L’amendement prévoit que le déremboursement des actes prescrits par les médecins en secteur 3 ne prendra effet que le 1er janvier 2027. Le temps pour ces quelques brebis égarées de revenir dans le « droit chemin » et d’adhérer à la convention. « Il importe d’inciter beaucoup plus fortement les médecins à entrer dans cette démarche de conventionnement, ou à ne pas en sortir » explique Thibault Bazin.null

Le PLFSS poussera-t-il les médecins à se déconventionner ?

Si le député de Meurthe-et-Moselle se préoccupe du déconventionnement, qui constitue pourtant un phénomène assez mineur, c’est justement parce qu’il craint que les autres mesures portées par le PLFSS visant les médecins libéraux (et qu’il rejette) ne poussent des praticiens vers le secteur 3. Il estime ainsi que l’article 26 augmentant les cotisations sur les dépassements d’honoraires est « une invitation à se déconventionner et à sortir de l’Optam ». 

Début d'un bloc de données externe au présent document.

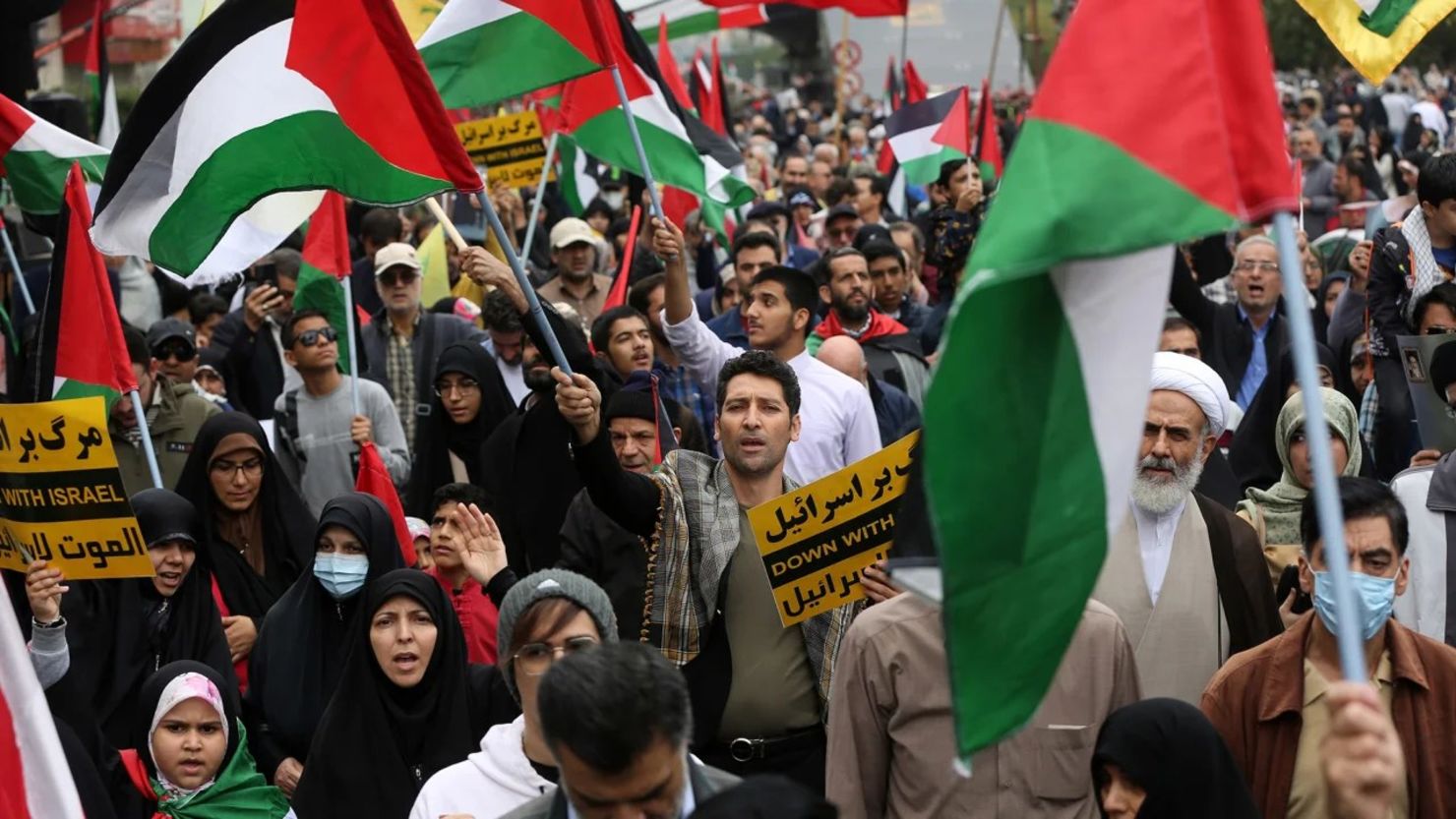 La gente asiste a la manifestación a favor de Palestina mientras sostienen pancartas y banderas en la calle de la Revolución en Teherán el 13 de octubre de 2023. Crédito: Fatemeh Bahrami/Anadolu/Getty Images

« On vous taxe les dépassements, on ne fait aucune différence que vous soyez conventionné ou pas ou entre ceux qui jouent la maîtrise des dépassements et qui font parfois seulement 15 % de dépassement sur 15 % de la patientèle » a déploré ce mardi le député lors d’un rendez-vous organisé par l’Association des journalistes de l’information sociale (Ajis). « Je suis persuadé que derrière une bonne intention, on va avoir des effets d’accélération du déconventionnement. Et qui paye à la fin ? Le patient». 

Le député estime par ailleurs que la hausse du recours aux dépassements d’honoraires par les médecins (56 % des spécialistes libéraux sont en secteur 2, contre seulement 37 % en 2000) s’explique par le gel des tarifs de certains actes. « Quand j’ai vu que l’appendicectomie n’avait pas évolué dans sa tarification depuis 20 ans, qu’un accouchement n’a pas évolué depuis 20 ans, je me suis posé des questions, il y a une forme d’hypocrisie de l’Assurance Maladie » plaide le député.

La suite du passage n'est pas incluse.